Antonella Duchini indagata per corruzione, nuove accuse per ex procuratore

Il tribunale di Firenze chiude il caso sulle archiviazioni

Il tribunale di Firenze ha assolto con formula piena l’ex procuratrice aggiunta di Perugia Antonella Duchini e altri cinque imputati, ponendo fine a un procedimento giudiziario nato da un’indagine su due richieste di archiviazione firmate dalla stessa magistrata. Il collegio giudicante ha stabilito che nessuna delle condotte contestate costituisce reato, disponendo le assoluzioni con le formule “perché il fatto non sussiste”, “per intervenuta prescrizione” e “perché il fatto non è previsto dalla legge come reato”.
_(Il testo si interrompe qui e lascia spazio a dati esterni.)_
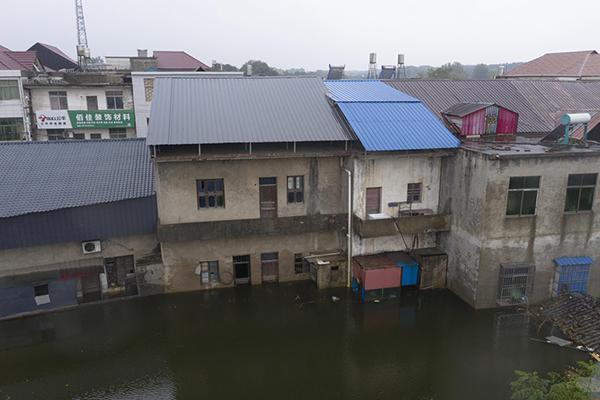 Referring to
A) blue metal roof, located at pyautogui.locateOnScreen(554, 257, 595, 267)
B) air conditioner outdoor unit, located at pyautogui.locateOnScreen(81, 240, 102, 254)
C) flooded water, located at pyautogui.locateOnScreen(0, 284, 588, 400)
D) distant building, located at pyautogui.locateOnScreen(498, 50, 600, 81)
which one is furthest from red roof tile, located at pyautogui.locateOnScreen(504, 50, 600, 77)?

Oltre a Duchini, sono stati assolti l’avvocato Pietro Gigliotti, i carabinieri Costanzo Leone e Orazio Gisabella, l’imprenditore Carlo Colaicovo e Valentino Rizzuto. La sentenza, che chiude un capitolo giudiziario particolarmente delicato, sarà notificata al Ministero della Giustizia e al Comando generale dell’Arma dei carabinieri, come disposto dallo stesso tribunale.

L’inchiesta, avviata anni fa, aveva ipotizzato a vario titolo reati gravi come corruzione, peculato, abuso d’ufficio e rivelazione di segreto d’ufficio, generando un forte clamore mediatico e istituzionale. Tuttavia, l’istruttoria dibattimentale ha evidenziato l’assenza di elementi penalmente rilevanti, confermando la legittimità delle decisioni assunte dai soggetti coinvolti.

La vicenda ruotava attorno a due procedimenti per i quali Duchini aveva richiesto l’archiviazione, scelte che all’epoca avevano sollevato sospetti e acceso i riflettori su presunti intrecci tra magistratura, forze dell’ordine e ambienti imprenditoriali. Oggi, però, la giustizia ha riconosciuto la correttezza dell’operato degli imputati, restituendo loro piena dignità professionale.

La sentenza rappresenta un punto fermo in una vicenda che ha messo alla prova l’autonomia e l’indipendenza della magistratura, riaffermando il principio di presunzione d’innocenza e la necessità di rigorosa verifica delle accuse prima di procedere a un rinvio a giudizio.